The beta cluster databases have been migrated to Jessie / MariaDB 5.10 T138778 and their config file is https://github.com/wikimedia/operations-puppet/blob/d3a05afd154/templates/mariadb/beta.my.cnf.erb

On beta I would guess it is about setting $wgSQLMode via operations/mediawiki-config , maybe that already has been done. For CI the task is T119371.

I am lurking on this task but reasonably have zero free time to lead the effort.

https://gerrit.wikimedia.org/r/#/c/429386/ would enable sql_mode = TRADITIONAL via includes/DevelopmentSettings.php which is loaded by CI. Tracked by sub task T119371.

The need from Wikimedia-Rdbms was to add the option and any additional support. I believe that part is done. (Ideally that would've been a subtask, but alas, better next time.)

Joe changed the task status from Open to Stalled.Mar 20 2023, 11:17 AM
Joe lowered the priority of this task from Medium to Low.
Joe added a subscriber: Joe.

I fail to see how this task is related to incident followup, or sustainability. So removing the tag. Adding the sprint week tag as I was triaging this task for the SRE sprint week.

Additionally, given the low activity:

  • Set as stalled
  • Lower priority.

Additionally: strict mode is on by default since mariadb 10.2, this has nothing to do with production usage at this point. Maybe another task should be opened?

I fail to see how this task is related to incident followup, or sustainability.

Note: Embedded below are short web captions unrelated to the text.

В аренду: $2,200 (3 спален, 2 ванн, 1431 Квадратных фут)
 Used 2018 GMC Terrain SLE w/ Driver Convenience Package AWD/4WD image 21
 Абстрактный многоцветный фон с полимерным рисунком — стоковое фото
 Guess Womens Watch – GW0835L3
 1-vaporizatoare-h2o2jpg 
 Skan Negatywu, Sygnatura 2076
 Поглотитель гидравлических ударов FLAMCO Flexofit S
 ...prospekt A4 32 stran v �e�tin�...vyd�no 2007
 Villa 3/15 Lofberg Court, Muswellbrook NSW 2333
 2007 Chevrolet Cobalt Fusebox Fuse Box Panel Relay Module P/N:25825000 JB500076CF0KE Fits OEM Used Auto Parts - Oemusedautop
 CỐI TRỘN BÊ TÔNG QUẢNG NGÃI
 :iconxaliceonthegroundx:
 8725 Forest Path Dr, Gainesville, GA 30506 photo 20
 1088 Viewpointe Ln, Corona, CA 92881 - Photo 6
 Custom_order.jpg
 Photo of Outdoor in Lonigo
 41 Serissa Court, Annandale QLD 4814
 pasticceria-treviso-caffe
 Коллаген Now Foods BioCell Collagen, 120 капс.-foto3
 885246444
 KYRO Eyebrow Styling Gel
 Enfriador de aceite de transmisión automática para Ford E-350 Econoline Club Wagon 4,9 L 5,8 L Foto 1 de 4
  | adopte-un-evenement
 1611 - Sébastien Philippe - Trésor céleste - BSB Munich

So removing the tag. Adding the sprint week tag as I was triaging this task for the SRE sprint week.

I want to remember this was detected as a mitigation to a MW incident/bug in which, if the flag was enabled on testing, the issue would have been caught earlier. But I don't remember the details.

Additionally: strict mode is on by default since mariadb 10.2, this has nothing to do with production usage at this point. Maybe another task should be opened?

I believe ONLY_FULL_GROUP_BY is not enabled, which was part of the above scope. Strict is technically only STRICT_TRANS_TABLES.